I need help with this issue I am facing while using T5-base via AutoModelforSeq2SeqLM. Kindly help with it. I am providing my code along with the error for reference.

Code:-

import random
import numpy as np
import torch
import pandas as pd
import json
import transformers
from transformers import AutoTokenizer
from transformers import AutoModelForSeq2SeqLM
from trl import RewardTrainer, SFTTrainer
from datasets import Dataset
from transformers import (
    Trainer,
    TrainingArguments,
    default_data_collator,
    DataCollatorForLanguageModeling
)

device="cuda"
df = pd.read_parquet("/raid/ganesh/vishak/pranav/ss2113/train_rlhf.parquet")
model = AutoModelForSeq2SeqLM.from_pretrained("summarization_policy_new/").to(device)
tokenizer = AutoTokenizer.from_pretrained("google-t5/t5-base", truncation=True, max_length=256, padding="max_length")
text = df.iloc[2]["prompt"]
tokenized_text = tokenizer(text, return_tensors="pt", max_length=256).to(device)

tokenizer.decode(model.generate(**tokenized_text)[0])

df = pd.read_parquet("/raid/ganesh/vishak/pranav/ss2113/test_summ.parquet")
df = df[:10]
raw_dataset = Dataset.from_pandas(df)
raw_dataset

tokenizer = AutoTokenizer.from_pretrained("google-t5/t5-base",truncation=True, max_length=256, padding="max_length")
model = AutoModelForSeq2SeqLM.from_pretrained("/raid/ganesh/vishak/pranav/ss2113/summarization_policy_new").to(device)

tokenizer.add_special_tokens({'pad_token': '[PAD]'})
def formatting_func(examples):
    kwargs = {"padding": "max_length",
              "truncation": True,
              "max_length": 256,
              "return_tensors": "pt"
              }
    prompt_plus_chosen_response = examples["prompt"] + "\n" + examples["chosen"]
    prompt_plus_rejected_response = examples["prompt"] + "\n" + examples["rejected"]
    tokens_chosen = tokenizer.encode_plus(prompt_plus_chosen_response, **kwargs)
    tokens_rejected = tokenizer.encode_plus(prompt_plus_rejected_response, **kwargs)

    return {
        "input_ids_chosen": tokens_chosen["input_ids"][0], "attention_mask_chosen": tokens_chosen["attention_mask"][0],
        "input_ids_rejected": tokens_rejected["input_ids"][0], "attention_mask_rejected": tokens_rejected["attention_mask"][0]
    }

formatted_dataset = raw_dataset.map(formatting_func)
formatted_dataset = formatted_dataset.train_test_split()

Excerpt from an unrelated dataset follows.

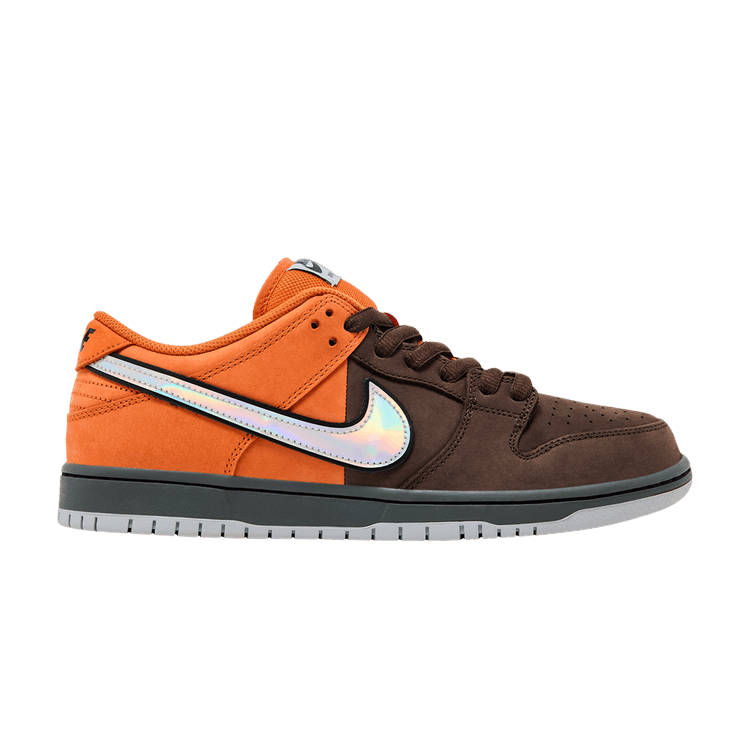 Nike SB Dunk Low 'Muni Fast Pass' — Safety Orange/Wolf Grey-Baroque Brown-Iron Grey-Black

### Loading the TRL reward trainer and training the trainer
training_args = TrainingArguments(
        output_dir="t5_rm_checkpoint/",
        num_train_epochs=1,
        logging_steps=10,
        gradient_accumulation_steps=1,
        save_strategy="steps",
        evaluation_strategy="steps",
        per_device_train_batch_size=2,
        per_device_eval_batch_size=1,
        eval_accumulation_steps=1,
        eval_steps=500,
        save_steps=500,
        warmup_steps=100,
        logging_dir="./logs",
        learning_rate=1e-5,
        save_total_limit=1,
        no_cuda=True
    )

trainer = RewardTrainer(model=model,
                        tokenizer=tokenizer,
                        train_dataset=formatted_dataset['train'],
                        eval_dataset=formatted_dataset['test'],
                        args= training_args
                        )
trainer.train()
trainer.save_model("t5_rm_model/")
Error:- 
Traceback (most recent call last):
  File "/raid/ganesh/vishak/pranav/ss2113/rlhf_reward_part2.py", line 81, in <module>                                                                                itb-dgx4.iitb.ac.in" 14:05 06-May-24
    trainer.train()
  File "/raid/ganesh/vishak/miniconda3/envs/perturbation-env/lib/python3.10/site-packages/transformers/trainer.py", line 1591, in train
    return inner_training_loop(
  File "/raid/ganesh/vishak/miniconda3/envs/perturbation-env/lib/python3.10/site-packages/transformers/trainer.py", line 1892, in _inner_training_loop
    tr_loss_step = self.training_step(model, inputs)
  File "/raid/ganesh/vishak/miniconda3/envs/perturbation-env/lib/python3.10/site-packages/transformers/trainer.py", line 2776, in training_step
    loss = self.compute_loss(model, inputs)
  File "/raid/ganesh/vishak/miniconda3/envs/perturbation-env/lib/python3.10/site-packages/trl/trainer/reward_trainer.py", line 228, in compute_loss
    rewards_chosen = model(
  File "/raid/ganesh/vishak/miniconda3/envs/perturbation-env/lib/python3.10/site-packages/torch/nn/modules/module.py", line 1532, in _wrapped_call_impl
    return self._call_impl(*args, **kwargs)
  File "/raid/ganesh/vishak/miniconda3/envs/perturbation-env/lib/python3.10/site-packages/torch/nn/modules/module.py", line 1541, in _call_impl
    return forward_call(*args, **kwargs)
  File "/raid/ganesh/vishak/miniconda3/envs/perturbation-env/lib/python3.10/site-packages/transformers/models/t5/modeling_t5.py", line 1746, in forward
    decoder_outputs = self.decoder(
  File "/raid/ganesh/vishak/miniconda3/envs/perturbation-env/lib/python3.10/site-packages/torch/nn/modules/module.py", line 1532, in _wrapped_call_impl
    return self._call_impl(*args, **kwargs)
  File "/raid/ganesh/vishak/miniconda3/envs/perturbation-env/lib/python3.10/site-packages/torch/nn/modules/module.py", line 1541, in _call_impl
    return forward_call(*args, **kwargs)
  File "/raid/ganesh/vishak/miniconda3/envs/perturbation-env/lib/python3.10/site-packages/transformers/models/t5/modeling_t5.py", line 1016, in forward
    raise ValueError(f"You have to specify either {err_msg_prefix}input_ids or {err_msg_prefix}inputs_embeds")
ValueError: You have to specify either decoder_input_ids or decoder_inputs_embeds

Hi,

You’re using the SFTTrainer class with a seq2seq model like T5. I don’t think that’s supported (cc @lewtun). I’d recommend using a decoder-only model like Llama or Mistral.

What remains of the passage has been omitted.